Capitalize the title in the text using title case, even though sentence case is used in the reference list entry, and alphabetize the work in the reference list as you would any other work (in this case, by the first significant word of the transliterated title). If the title of the work is long, you can shorten it for the in-text citation only. For example:

Webpage with a transliterated Chinese-language title on a news website, no author

Gāoxióng shuǐguǒ shǒucì shàngjià Xīnjiāpō diàn shāng shàng bànnián xiāo 51.4 dūn [Kaohsiung fruit is on the shelves for the first time in Singapore’s e-commerce market, selling 51.4 tons in the first half of the year]. (2021, July 22). The Overseas Chinese Affairs Newspaper.


  • Parenthetical citation: (Gāoxióng Shuǐguǒ Shǒucì, 2021)
  • Narrative citation: Gāoxióng Shuǐguǒ Shǒucì (2021)

What if you can’t transliterate the title of a work?

If it is not practical or desirable to transliterate the title of a work that uses a non-Roman alphabet, you may leave the title in its original alphabet.

Film with a title in Hanzi (Chinese) characters

Lee, A. (2000). 臥虎藏龍 [Crouching tiger, hidden dragon] [Film]. Asia Union Film& Entertainment; China Film Co-Production Corporation; Columbia Pictures Film Production Asia; Edko Films; Good Machine; Prosperity Pictures; Sony Pictures Classics; United China Vision; Zoom Hunt International Productions.

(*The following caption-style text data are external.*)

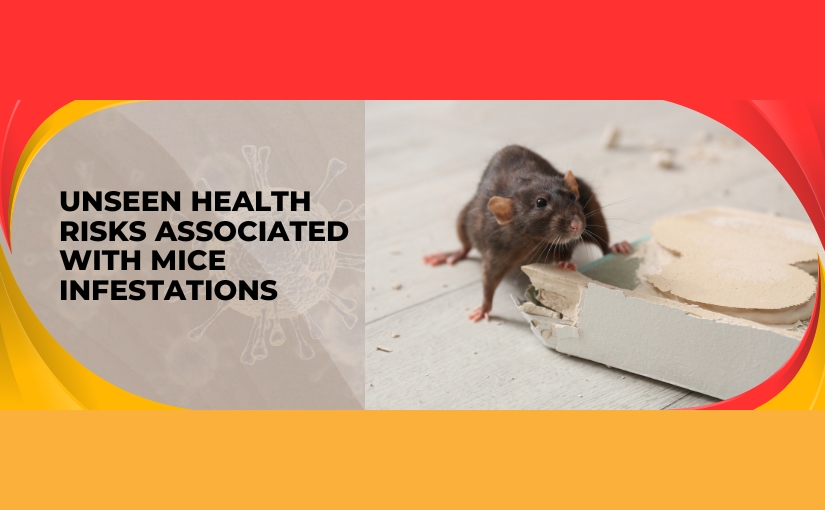 The Unseen Dangers_ How Mice in Your Waterloo Home Can Affect Your Health 1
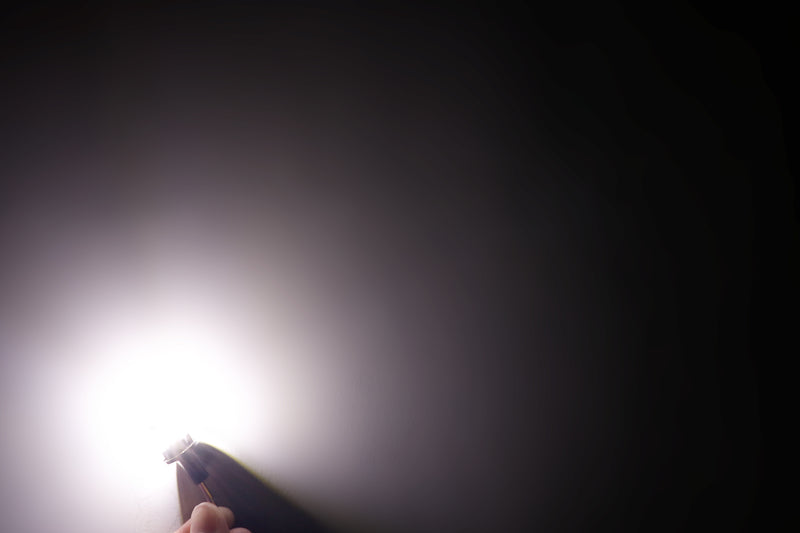 Load image into Gallery viewer, LED License Plate Light Bulbs High Performance Wholesale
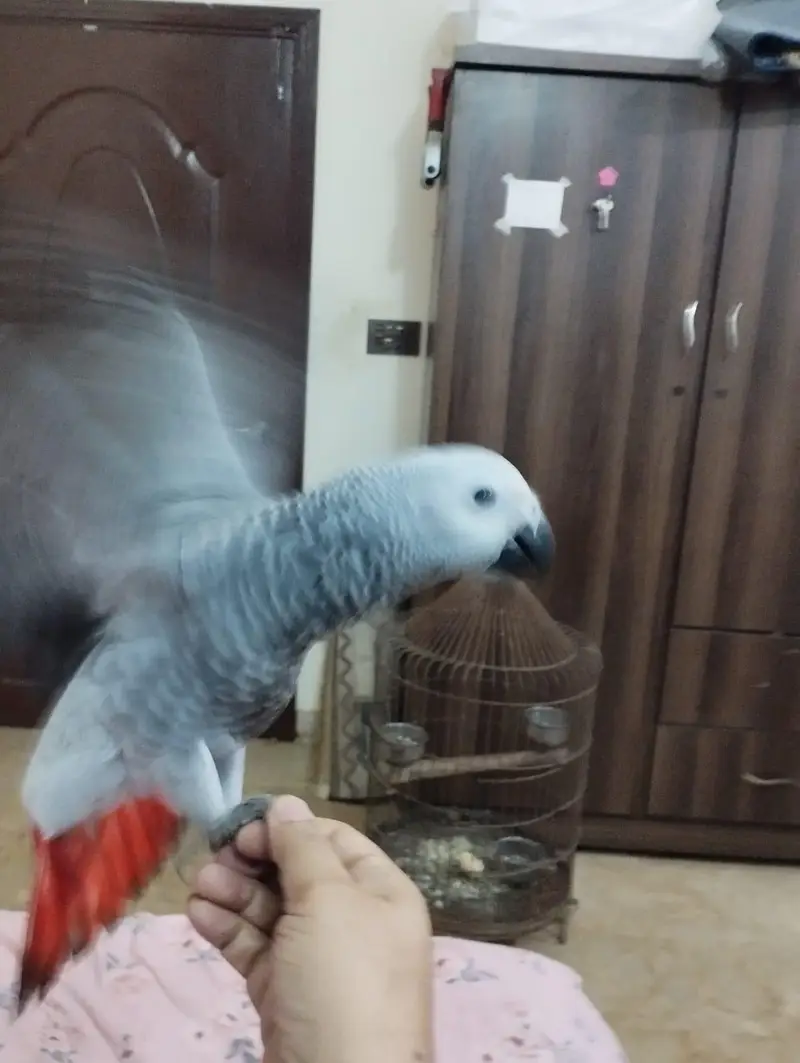 African Grey Parrot — photo 2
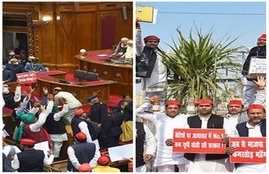 samajwadi party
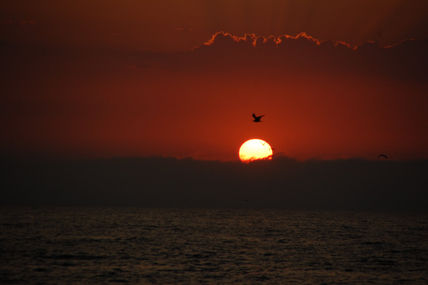 Gaviota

  • Parenthetical citation: (Lee, 2000)
  • Narrative citation: Lee (2000)

Music video with a title in Hangul (Korean) characters

eAeon (featuring RM). (2021, April 30). 그러지 마 [Don’t] [Video]. YouTube.


  • Parenthetical citation: (eAeon, 2021)
  • Narrative citation: eAeon (2021)

When alphabetizing a nontransliterated work in which the first element in the reference (either the author or, if no author, the title) is written in a non-Roman alphabet, use your best judgment to alphabetize the reference list entry—let the order of reference list entries found in other published articles serve as a guide—or place the entry at the end of the reference list.

More information on transliteration can be found in Section 9.38 in both the Publication Manual and the Concise Guide to APA Style.